Panel slams bureaucracy over 9/11 failures
Recommendations for overhauling federal agencies expected at end of July.
The commission investigating the Sept. 11 terrorist plot concluded more than a year of public hearings Thursday with two federal agencies pointing fingers at each other and the panel's chairman saying the government should have been better prepared for the attacks.
"I think a lot of things about this story make us nervous," said the panel's chairman, retired Republican Gov. Thomas Kean of New Jersey. "This is the story of a lot of problems, and shame on us if we don't learn from it."
"Would you expect [federal agencies] to be prepared for this totally genius and evil attack and the way it was performed? No," he added. "But should they have been more ready for something coming? Yes."
The commission's final public hearing focused on the timeline of the hijackings and the response of the Federal Aviation Administration and Defense Department, with particular focus on the North American Aerospace Defense Command and the National Military Command Center inside the Pentagon.
"NORAD and the FAA were unprepared for the type of attacks launched against the United States on Sept. 11, 2001," the report released during the hearing concluded. "They struggled, under difficult circumstances, to improvise a homeland defense against an unprecedented challenge they had never encountered and had never trained to meet."
The timeline the commission lays out is different from the one previously given by Defense officials. Because they were so different, the commission called Defense officials to testify again.

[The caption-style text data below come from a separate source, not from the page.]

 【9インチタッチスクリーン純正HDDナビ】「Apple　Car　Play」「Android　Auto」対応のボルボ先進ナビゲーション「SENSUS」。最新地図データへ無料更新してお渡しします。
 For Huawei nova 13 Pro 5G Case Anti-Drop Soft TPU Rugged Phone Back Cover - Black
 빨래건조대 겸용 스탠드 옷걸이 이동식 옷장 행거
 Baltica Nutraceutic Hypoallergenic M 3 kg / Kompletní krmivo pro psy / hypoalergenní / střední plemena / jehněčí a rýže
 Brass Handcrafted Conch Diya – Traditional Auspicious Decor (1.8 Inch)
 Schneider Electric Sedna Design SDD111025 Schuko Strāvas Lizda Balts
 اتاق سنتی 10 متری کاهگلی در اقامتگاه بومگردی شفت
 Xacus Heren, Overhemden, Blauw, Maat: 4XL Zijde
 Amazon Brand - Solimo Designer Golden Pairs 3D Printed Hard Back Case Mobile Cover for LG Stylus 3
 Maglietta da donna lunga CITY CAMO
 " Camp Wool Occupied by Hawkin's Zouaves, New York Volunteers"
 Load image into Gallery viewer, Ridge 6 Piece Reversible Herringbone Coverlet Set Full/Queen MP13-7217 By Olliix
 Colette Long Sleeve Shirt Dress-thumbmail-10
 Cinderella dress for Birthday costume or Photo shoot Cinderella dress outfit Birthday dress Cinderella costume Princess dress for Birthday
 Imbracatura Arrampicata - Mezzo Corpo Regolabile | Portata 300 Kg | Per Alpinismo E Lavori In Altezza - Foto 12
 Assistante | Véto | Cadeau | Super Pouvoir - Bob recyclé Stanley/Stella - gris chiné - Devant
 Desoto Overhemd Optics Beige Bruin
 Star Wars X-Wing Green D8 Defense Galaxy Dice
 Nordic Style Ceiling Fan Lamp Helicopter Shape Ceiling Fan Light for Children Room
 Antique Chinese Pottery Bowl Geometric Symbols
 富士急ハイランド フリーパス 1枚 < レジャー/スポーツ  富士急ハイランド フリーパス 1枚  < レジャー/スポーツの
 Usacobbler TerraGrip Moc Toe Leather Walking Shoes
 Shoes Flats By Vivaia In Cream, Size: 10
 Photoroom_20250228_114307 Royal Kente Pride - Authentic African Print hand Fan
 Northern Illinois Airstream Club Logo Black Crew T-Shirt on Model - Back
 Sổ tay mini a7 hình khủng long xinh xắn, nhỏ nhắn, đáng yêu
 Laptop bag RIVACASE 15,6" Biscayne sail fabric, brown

Retired Air Force Maj. Gen. Larry Arnold, who commanded the Continental U.S. NORAD Region when the attacks happened, said the commission had helped him understand the facts of the timeline. Arnold testified in May 2003, but gave information that the commission has since found to be incorrect.
Inaccurate accounts from the military have created numerous questions about whether the hijacked aircraft could have been intercepted. The staff report concluded that the military could not have intercepted the aircraft based on the new timeline.
The commission now will step out of the spotlight to compile its final report, due at the end of July. It is expected to offer the most detailed account of the 9/11 plot to date, along with recommendations for reforming federal agencies and processes.
Kean said the report must be vetted by a White House team led by Chief of Staff Andrew Card before being made public. He added that the commission plans to issue a declassified report, even though some family members of victims want a classified report that is then redacted.
The commission found that federal agencies were generally unprepared to handle the attacks when they happened. In some cases, federal workers deliberately bypassed bureaucratic protocols and made decisions in response to the unique and unfolding circumstances.
"On the morning of 9/11, the existing protocol was unsuited in every respect for what was about to happen," the report states. "What ensued was the hurried attempt to create an improvised defense by officials who had never encountered or trained against the situation they faced."
In some cases, communication between agencies and officials broke down at critical moments. For example, the military command center could not patch the FAA into a secure teleconference. The FAA, on the other hand, thought it had a communications link established with NMCC through the FAA's "hijack net," only to learn later that the link did not exist.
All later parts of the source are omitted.